WORK REQUIRED:
Set down only these lines, exactly: the line containing "LITHIUM-ION RECHARGEABLE BATTERY" and all lines through the end of the data below. Omit pictures.
-- PROVIDED MATERIAL follows --
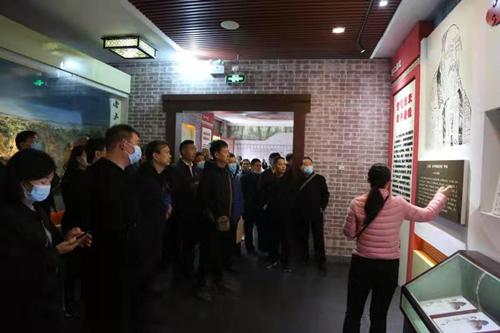 黄河河务局组织党员干部职工到函谷关修德养廉教育基地参观学习(养廉干部职工教育基地河务局) 汽修知识 黄河河务局组织党员干部职工到函谷关修德养廉教育基地参观学习(养廉干部职工教育基地河务局) 汽修知识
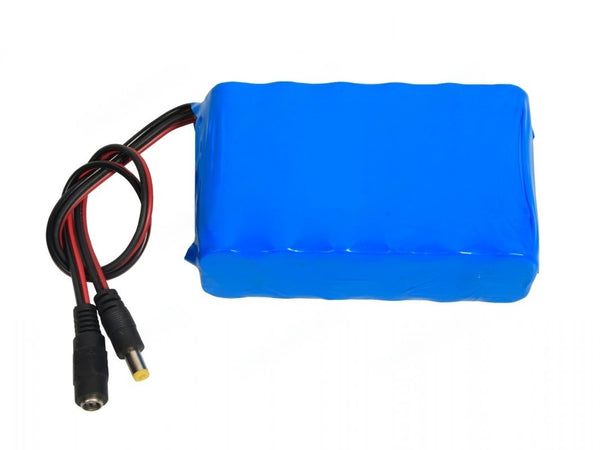 LITHIUM-ION RECHARGEABLE BATTERY PACK 18.5V 4400MAH (2C) WITH CHARGE PROTECTION CIRCUIT - Robodo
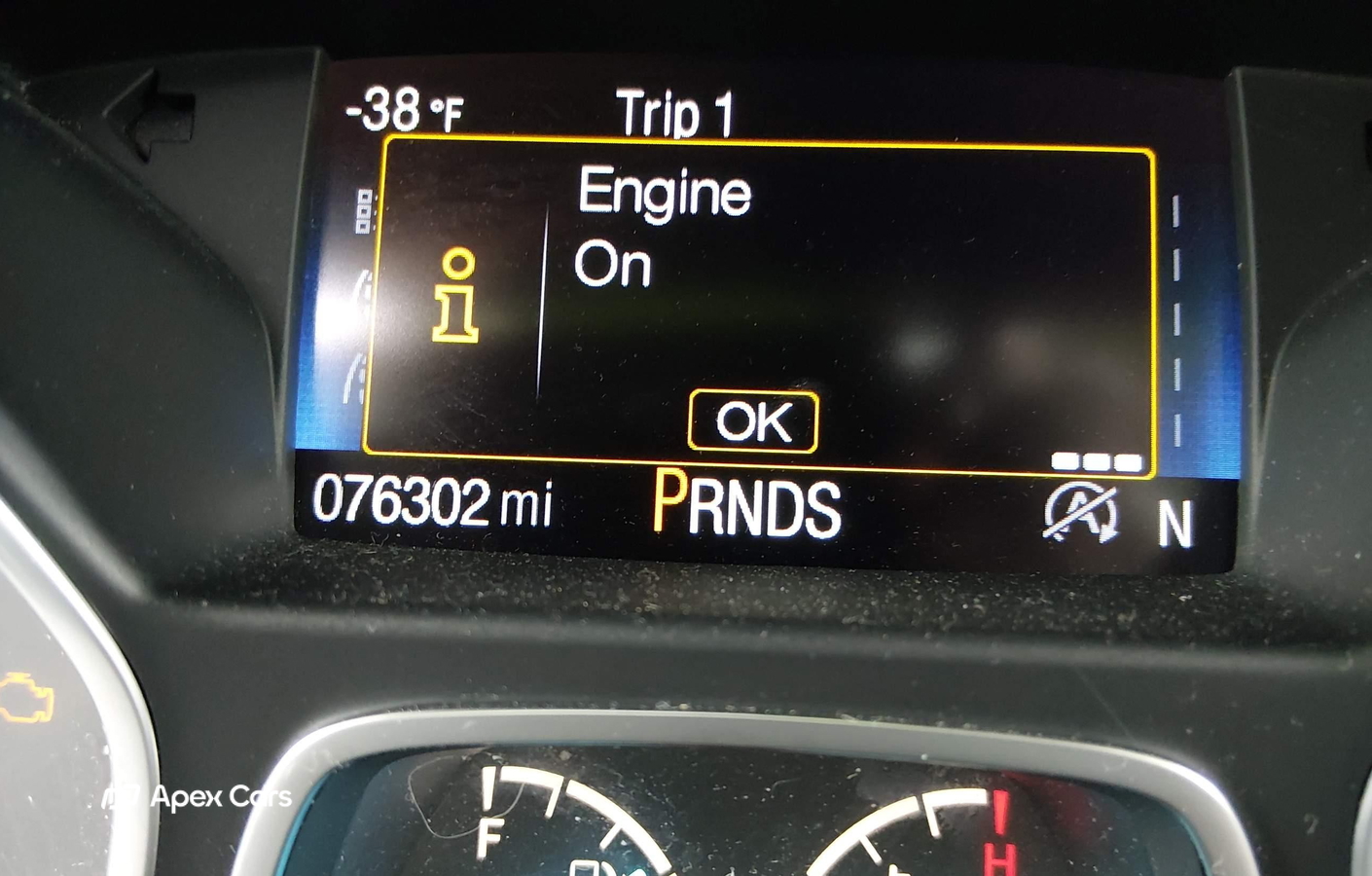 Ford Escape 2017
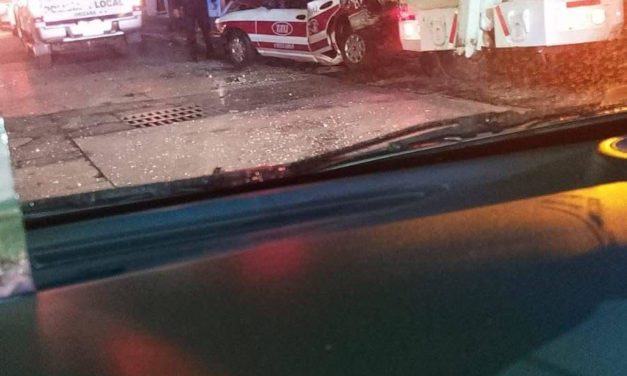 GRAVE ACCIDENTE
-- PROVIDED MATERIAL concluded --
ANSWER TO THE PROBLEM:
 LITHIUM-ION RECHARGEABLE BATTERY PACK 18.5V 4400MAH (2C) WITH CHARGE PROTECTION CIRCUIT - Robodo
 Ford Escape 2017
 GRAVE ACCIDENTE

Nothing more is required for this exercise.